It seems like the first year is the most difficult. There have so many firsts without Mike. Halloween. Thanksgiving. His Birthday – that day felt really empty. Christmas. New Year’s. Valentine’s Day. I thought about him a lot. He made a big deal of Valentine’s Day. He surprised me each year with a special gift and card. I’d never had a man be so thoughtful and loving with this holiday. Easter. Our wedding anniversary – I wrote April 6th for two days in a row until I realized why. I had forgotten our anniversary a couple times before. I was always happy he remembered it. Much harder was April 21st – six months since Mike departed this life experience. Every time I thought of this, tears sprung to my eyes. It seemed like it had been so recently and yet, so long ago. I couldn’t really write about it till now.
This timeframe feels like a milestone in accepting the reality that Mike’s not here. I keep reflecting on Joan Didion’s book, The Year of Magical Thinking. It took a year for her to really accept – or begin to accept – that her husband was gone. More holidays and remembrances to come. Memorial Day. Fourth of July – last year we were at Dillon Beach, as usual. My girlfriend and I and our daughters have been going every year for ten years. It was so wonderful to have Mike there, too. We all had so much fun. I know I will miss him being there this year.

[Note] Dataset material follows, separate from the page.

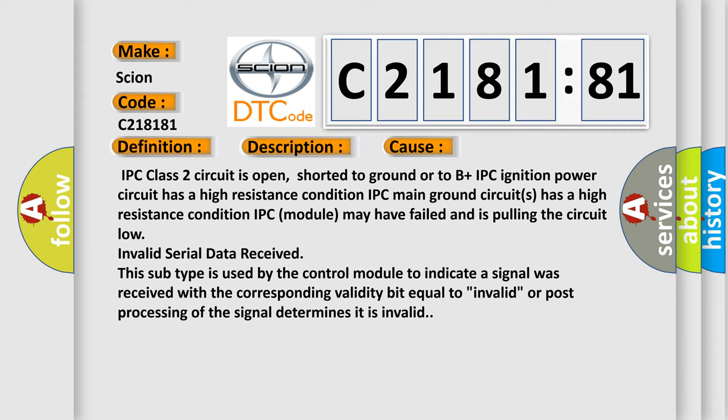IPC Class 2 circuit is open, shorted to ground or to B+. IPC ignition power circuit has a high resistance condition. IPC main ground circuits has a high resistance condition. IPC module may have failed and is pulling the circuit low. Invalid serial data received.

At first, it felt uncomfortable driving Mike’s Mini Cooper. It smells like Mike, my daughter said. It did. I felt like I was surrounded by him. He loved his Mini. Years ago, I read that items that are well loved, hold that love energy and you can feel that attraction, that love. I have experienced this with rings – my mother’s, my grandmothers’, and Mike’s mother’s – and with the Mini. I’m driving it more now. The scent is beginning to fade, or perhaps, I’m getting more used to it.
Oh my sweet Marinda, in reading this I cry too and remember our time at Dillion and how Mike was such a welcome addition to our all women’s group. Such loving energy and those great eggs! Keep on healing my friend.